The 3 Cs of Transformation: A Blueprint for Telcos

Marc Price

Telecom has struggled to achieve digital transformation. Even though some progress has been made, operators face the unfortunate reality of stagnant revenue, stifled innovation, and an inability to capitalize on network investments intended to spur new 5G services. It is a pivotal moment, as telcos will soon determine if their aspirations align with utility models or with new business creation. As outlined in A Value Machine for Modern Times, growth companies must align business systems with value generation, rather than perpetuating legacy constructs designed for obsolete services.

With so much invested in legacy technology and business processes, how to efficiently achieve transformation has been elusive.

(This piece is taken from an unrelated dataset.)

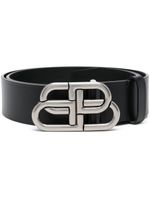 Balenciaga ceinture large en cuir à boucle BB - Noir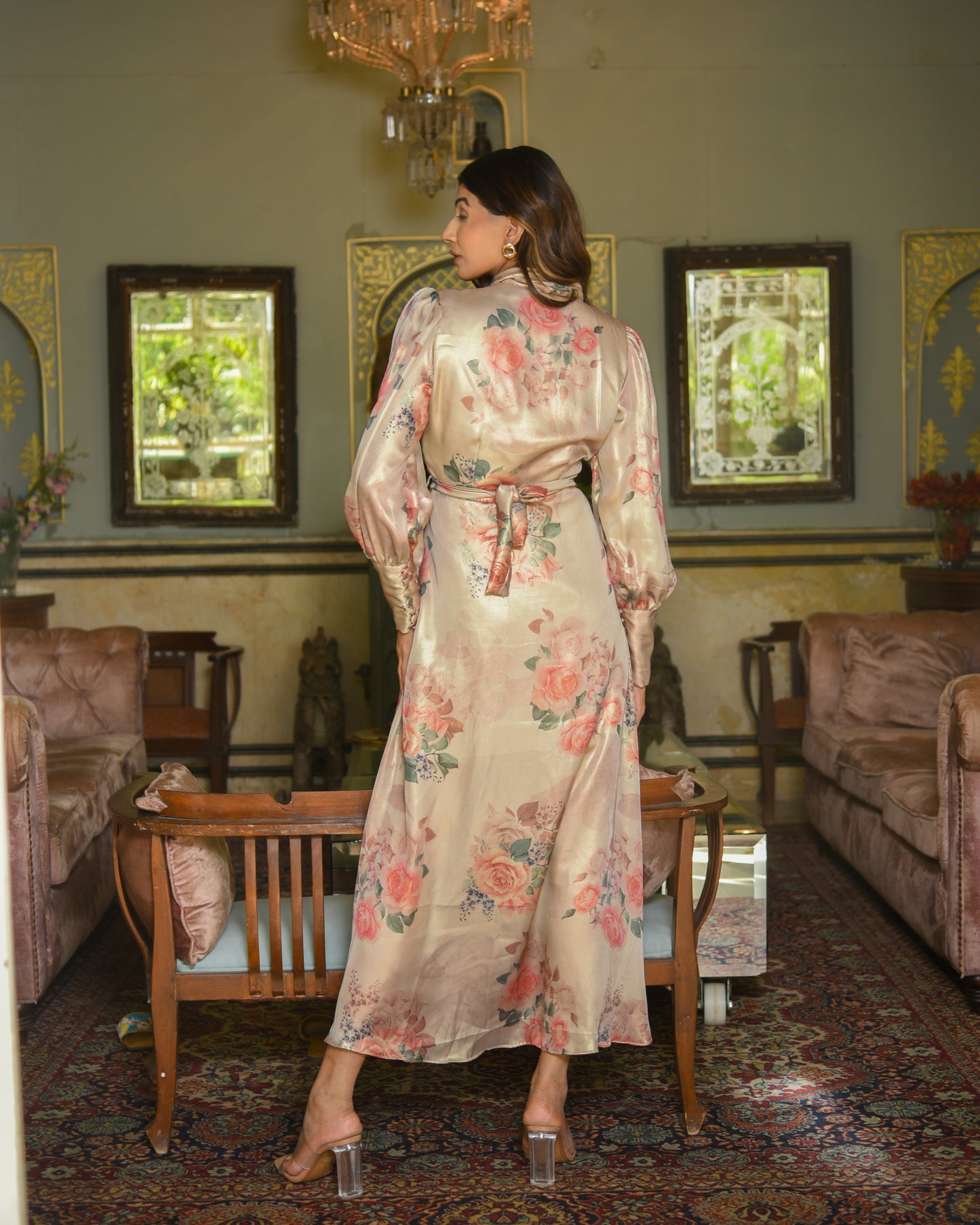 Rose - Gold long cuff sleeves Dress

This article focuses not just on the need, but also how it can be done.

Telco Origins

The network was born as hardware and business support systems (BSS) as software. Network protocols differed from those used by IT teams, and hardware design also differed widely due to divergent requirements. Always-on, resilient, low-latency networks contrasted with batch-based, bill-cycle oriented processing systems and call center functions isolated from the service itself.

The introduction of prepaid services in telecom proved a turning point. Unlike other business support systems, prepaid business logic impacted the service by determining if a customer had enough money remaining to begin a call or continue a call mid-session. These functions required network-grade reliability, speed, and performance. They were engineered in isolation from other legacy BSS, initially as “prepaid servers” and then eventually with the birth of the Online Charging System (OCS).

With the rise of data (and video) as the dominant telco service, the OCS remained a network function, isolated from other BSS — even when managed by the IT team.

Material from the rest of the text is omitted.